My dad was unfaithful to his wife. He loved his job more than my mother. I have no recollection of them under the same roof. It has always been my mother, grandmother and I.
Later in life, my mother remarried. He was a musician. He moved into the house the three of us lived. He played in a band and composed music for other bands. He even started his own band. I wonder sometimes if my love of music started there.
He had a piano I’m out house, but he never taught me how to play. I don’t recall much interaction with him, actually. It’s a behavior I don’t want to pass on to my sons.
This marriage didn’t turn out, either. I recall a major fight between my mother and him. Lots of yelling. It got so bad, either I left or was told to go outside. I recall crossing the street and climbing a tree in front of one of friend’s house. Something now tells me I could hear them fighting as I watched from atop the tree.
Their marriage deteriorated to the point of not just divorce but he made her feel so uncomfortable, we left to live with my uncle.
From a young age the men in my life behaved poorly. I know this has impacted me to this day. I don’t want to dwell on that too much. My two fathers hardly interacted with me. I can see how I have done that with my sons. And that needs to change.

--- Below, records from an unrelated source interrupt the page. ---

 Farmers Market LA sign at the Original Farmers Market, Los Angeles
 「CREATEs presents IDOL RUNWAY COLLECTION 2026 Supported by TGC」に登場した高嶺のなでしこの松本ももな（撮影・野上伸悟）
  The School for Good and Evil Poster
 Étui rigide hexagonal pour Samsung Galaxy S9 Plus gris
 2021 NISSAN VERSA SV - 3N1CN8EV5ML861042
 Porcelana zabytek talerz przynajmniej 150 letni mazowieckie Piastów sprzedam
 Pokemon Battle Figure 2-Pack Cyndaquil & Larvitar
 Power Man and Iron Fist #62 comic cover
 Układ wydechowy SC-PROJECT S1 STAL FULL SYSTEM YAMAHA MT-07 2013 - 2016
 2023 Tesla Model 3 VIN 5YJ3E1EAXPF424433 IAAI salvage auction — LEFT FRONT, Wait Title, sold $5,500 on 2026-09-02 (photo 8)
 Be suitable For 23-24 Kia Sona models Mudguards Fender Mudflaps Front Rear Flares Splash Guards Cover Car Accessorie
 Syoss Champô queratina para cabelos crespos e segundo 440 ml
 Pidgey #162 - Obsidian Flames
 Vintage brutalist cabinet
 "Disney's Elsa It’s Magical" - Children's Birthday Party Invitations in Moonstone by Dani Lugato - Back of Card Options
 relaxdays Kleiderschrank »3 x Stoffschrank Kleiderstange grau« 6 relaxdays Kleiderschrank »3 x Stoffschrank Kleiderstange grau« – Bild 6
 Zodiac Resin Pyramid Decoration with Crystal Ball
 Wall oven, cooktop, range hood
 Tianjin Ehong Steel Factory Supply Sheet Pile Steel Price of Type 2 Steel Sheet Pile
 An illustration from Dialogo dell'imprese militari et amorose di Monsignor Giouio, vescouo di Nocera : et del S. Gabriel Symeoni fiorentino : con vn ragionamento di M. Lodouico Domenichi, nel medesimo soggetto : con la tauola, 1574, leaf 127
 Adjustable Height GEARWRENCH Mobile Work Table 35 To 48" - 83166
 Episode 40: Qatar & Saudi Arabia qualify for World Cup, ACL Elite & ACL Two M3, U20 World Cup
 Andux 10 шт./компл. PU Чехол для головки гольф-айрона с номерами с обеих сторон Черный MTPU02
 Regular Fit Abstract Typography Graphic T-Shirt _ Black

Reflecting on my first eight years of life, the living with the effect of two divorces have been a negative in my life. It’s not a big negative. I had a great childhood. My mom and grandmother did the best they could. And it was great. But growing up fatherless has wounded me. It’s ramifications I still live with.
But that doesn’t have to be the case with my sons going forward. I may make things up as I go being a dad since I don’t have any role models, but I will be a father to my children. I can be a father figure to those who are fatherless today. That idea I can dwell all day.